[Task details] Leave out the pictures, and retype the remaining data exactly.

[Data extract]
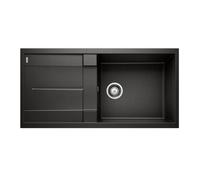 Blanco Évier à encastrer 525932 silgranit 60 cm noir G
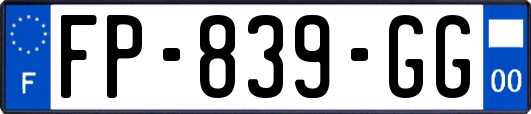 FP-839-GG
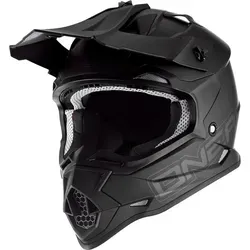 O'Neal 2SRS V.23 Flat Crosshelm schwarz, XL - Motorradhelm mit ABS-Schale, verstellbarem Helmschirm und optimaler Belüftung für besten Komfort beim Fahren. Ideal für Cross-Enthusiasten!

[Exercise answer]
 Blanco Évier à encastrer 525932 silgranit 60 cm noir G
 FP-839-GG
 O'Neal 2SRS V.23 Flat Crosshelm schwarz, XL - Motorradhelm mit ABS-Schale, verstellbarem Helmschirm und optimaler Belüftung für besten Komfort beim Fahren. Ideal für Cross-Enthusiasten!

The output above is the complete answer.